Non è un rapporto semplice e stabile e probabilmente lo sarà sempre meno in futuro. Lo hanno già dimostrato la pandemia, la crisi climatica, le guerre. Eventi intrecciati in vario modo al nostro quotidiano di cittadini, clienti, dipendenti o dirigenti.
Prima o poi tutti i nodi vengono al pettine.
👓 Spunti e appunti
I green roof o tetti verdi dove si coltivano piante danno grande beneficio alle città, ma i blu-green roof sembrano ancora meglio. (Wired USA)
Ti piace pedalare? Ti piace il mare? Potresti aver trovato la bici dei tuoi sogni che…galleggia sull’acqua. (Interesting Engineering/Instagram)
Il segreto dei super-anziani? Le relazioni sociali! (New York Times). Sembra quasi una risposta allo scorso numero di Perbacco! su anziani e AI.
L’accordo da 6,5 miliardi di $ proposto da Johnson & Johnson per risolvere decine di migliaia di denunce per la possibile presenza di amianto nel talco che avrebbe causato il cancro alle ovaie. (La Svolta)
Dopo la birra dagli scarti del pane arriva quella dagli scarti di caffè: il progetto di torrefazione Cellini con Biova. (BrandNews)
Come si fa a fare manutenzione alla fittissima rete di cavi oceanici che rendono possibili le comunicazioni? Con una flotta di navi ad-hoc. (The Verge)

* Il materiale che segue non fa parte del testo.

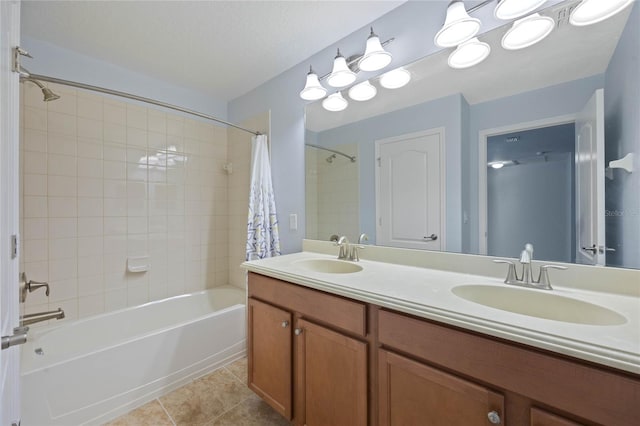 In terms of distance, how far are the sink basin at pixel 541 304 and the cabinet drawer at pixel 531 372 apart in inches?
10.9

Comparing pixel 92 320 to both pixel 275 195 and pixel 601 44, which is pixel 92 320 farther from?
pixel 601 44

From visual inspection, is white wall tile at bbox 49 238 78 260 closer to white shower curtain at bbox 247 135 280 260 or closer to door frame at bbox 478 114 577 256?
white shower curtain at bbox 247 135 280 260

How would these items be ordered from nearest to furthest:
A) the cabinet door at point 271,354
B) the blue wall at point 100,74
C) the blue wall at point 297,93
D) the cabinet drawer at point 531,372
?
the cabinet drawer at point 531,372 < the cabinet door at point 271,354 < the blue wall at point 297,93 < the blue wall at point 100,74

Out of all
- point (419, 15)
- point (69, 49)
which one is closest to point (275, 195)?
point (419, 15)

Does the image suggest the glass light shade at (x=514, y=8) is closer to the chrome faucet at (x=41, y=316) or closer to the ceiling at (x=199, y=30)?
the ceiling at (x=199, y=30)

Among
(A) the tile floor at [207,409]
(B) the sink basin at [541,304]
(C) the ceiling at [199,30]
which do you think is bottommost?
(A) the tile floor at [207,409]

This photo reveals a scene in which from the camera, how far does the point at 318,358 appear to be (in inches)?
45.7

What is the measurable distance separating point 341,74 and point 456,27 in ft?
2.21

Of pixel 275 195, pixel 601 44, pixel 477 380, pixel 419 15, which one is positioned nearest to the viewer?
pixel 477 380

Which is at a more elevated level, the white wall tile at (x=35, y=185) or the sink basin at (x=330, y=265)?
the white wall tile at (x=35, y=185)

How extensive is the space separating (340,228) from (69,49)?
2.34 meters

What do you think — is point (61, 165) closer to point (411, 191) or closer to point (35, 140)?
point (35, 140)

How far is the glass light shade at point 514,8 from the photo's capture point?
1081 millimetres

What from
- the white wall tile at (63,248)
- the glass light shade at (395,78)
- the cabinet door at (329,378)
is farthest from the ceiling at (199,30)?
the cabinet door at (329,378) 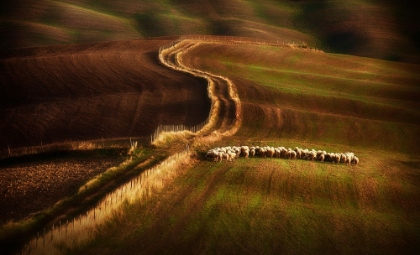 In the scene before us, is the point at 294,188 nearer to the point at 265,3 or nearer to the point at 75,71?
the point at 75,71

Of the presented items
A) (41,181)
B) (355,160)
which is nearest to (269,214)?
(41,181)

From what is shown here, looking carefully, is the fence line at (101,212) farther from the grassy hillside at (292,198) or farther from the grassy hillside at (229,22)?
the grassy hillside at (229,22)

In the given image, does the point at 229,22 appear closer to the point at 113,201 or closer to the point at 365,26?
the point at 365,26

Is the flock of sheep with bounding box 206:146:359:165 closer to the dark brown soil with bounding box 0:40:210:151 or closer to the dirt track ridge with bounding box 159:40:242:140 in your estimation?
the dirt track ridge with bounding box 159:40:242:140

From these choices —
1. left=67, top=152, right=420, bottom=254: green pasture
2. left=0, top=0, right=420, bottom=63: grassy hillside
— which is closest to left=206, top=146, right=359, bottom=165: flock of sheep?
left=67, top=152, right=420, bottom=254: green pasture

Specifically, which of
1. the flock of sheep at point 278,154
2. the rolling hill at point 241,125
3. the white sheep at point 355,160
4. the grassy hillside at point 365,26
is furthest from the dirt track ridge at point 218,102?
the grassy hillside at point 365,26

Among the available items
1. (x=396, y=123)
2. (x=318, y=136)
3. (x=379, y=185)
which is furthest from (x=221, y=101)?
(x=379, y=185) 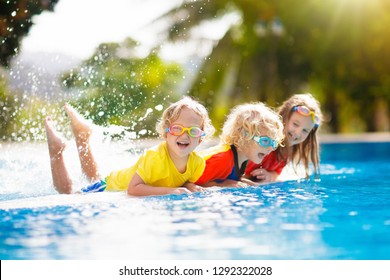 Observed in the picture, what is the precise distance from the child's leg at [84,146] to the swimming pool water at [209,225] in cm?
86

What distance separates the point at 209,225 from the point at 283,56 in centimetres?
1655

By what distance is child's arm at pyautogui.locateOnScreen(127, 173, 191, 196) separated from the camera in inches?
189

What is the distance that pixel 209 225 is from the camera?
3.74m

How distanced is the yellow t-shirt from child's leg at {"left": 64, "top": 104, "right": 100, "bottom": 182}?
1.02 metres

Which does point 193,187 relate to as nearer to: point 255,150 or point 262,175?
point 255,150

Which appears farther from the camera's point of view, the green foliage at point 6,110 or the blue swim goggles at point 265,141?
the green foliage at point 6,110

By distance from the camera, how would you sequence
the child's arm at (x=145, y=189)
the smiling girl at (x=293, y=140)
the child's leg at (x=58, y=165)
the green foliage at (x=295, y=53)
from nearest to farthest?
the child's arm at (x=145, y=189) → the child's leg at (x=58, y=165) → the smiling girl at (x=293, y=140) → the green foliage at (x=295, y=53)

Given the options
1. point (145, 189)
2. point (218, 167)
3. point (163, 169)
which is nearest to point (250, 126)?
point (218, 167)

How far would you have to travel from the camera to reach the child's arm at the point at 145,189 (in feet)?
15.8

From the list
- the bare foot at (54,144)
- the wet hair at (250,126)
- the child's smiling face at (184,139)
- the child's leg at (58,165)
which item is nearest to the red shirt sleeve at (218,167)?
the wet hair at (250,126)

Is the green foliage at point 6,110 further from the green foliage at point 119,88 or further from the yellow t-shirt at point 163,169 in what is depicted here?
the yellow t-shirt at point 163,169

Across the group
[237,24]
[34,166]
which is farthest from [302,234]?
[237,24]

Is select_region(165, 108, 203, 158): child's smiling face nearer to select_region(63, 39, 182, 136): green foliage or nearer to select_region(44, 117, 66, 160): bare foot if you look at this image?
select_region(44, 117, 66, 160): bare foot

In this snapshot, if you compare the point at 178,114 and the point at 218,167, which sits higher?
the point at 178,114
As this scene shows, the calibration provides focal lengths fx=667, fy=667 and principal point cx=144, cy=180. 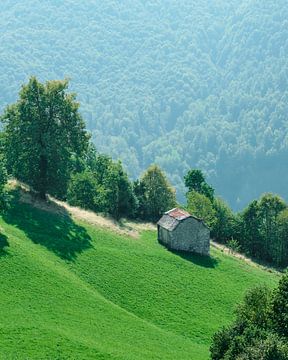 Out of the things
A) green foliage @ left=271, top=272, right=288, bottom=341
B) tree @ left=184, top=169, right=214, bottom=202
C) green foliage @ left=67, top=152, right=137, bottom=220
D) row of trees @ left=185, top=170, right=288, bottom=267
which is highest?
tree @ left=184, top=169, right=214, bottom=202

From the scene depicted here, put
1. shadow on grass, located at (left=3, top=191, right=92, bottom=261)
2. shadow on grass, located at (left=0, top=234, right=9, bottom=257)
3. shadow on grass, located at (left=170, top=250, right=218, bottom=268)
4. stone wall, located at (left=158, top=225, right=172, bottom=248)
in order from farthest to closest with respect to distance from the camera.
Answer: stone wall, located at (left=158, top=225, right=172, bottom=248), shadow on grass, located at (left=170, top=250, right=218, bottom=268), shadow on grass, located at (left=3, top=191, right=92, bottom=261), shadow on grass, located at (left=0, top=234, right=9, bottom=257)

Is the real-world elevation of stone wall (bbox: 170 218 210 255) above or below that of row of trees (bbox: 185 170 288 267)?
below

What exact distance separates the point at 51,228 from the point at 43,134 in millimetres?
14248

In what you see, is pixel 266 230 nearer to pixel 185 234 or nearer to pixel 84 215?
pixel 185 234

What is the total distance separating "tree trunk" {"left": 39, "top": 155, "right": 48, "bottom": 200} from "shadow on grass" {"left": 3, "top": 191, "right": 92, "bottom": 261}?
10.8ft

La newsletter Areale di Ferdinando Cotugno è diventata anche un podcast per parlare di crisi climatica, transizione ecologica e il nostro complicato rapporto con la biodiversità. Lo trovi qui. (Editoriale Domani)
🎈E per finire in leggerezza…
Un’illustrazione di Doug Savage che ironizza sull’AI.
“Haagen-Bot! Il robot che mangia gelati così che non debba farlo tu!”
“Ma a me piacciono i gelati…”
“Smettila di ostacolare il progresso!”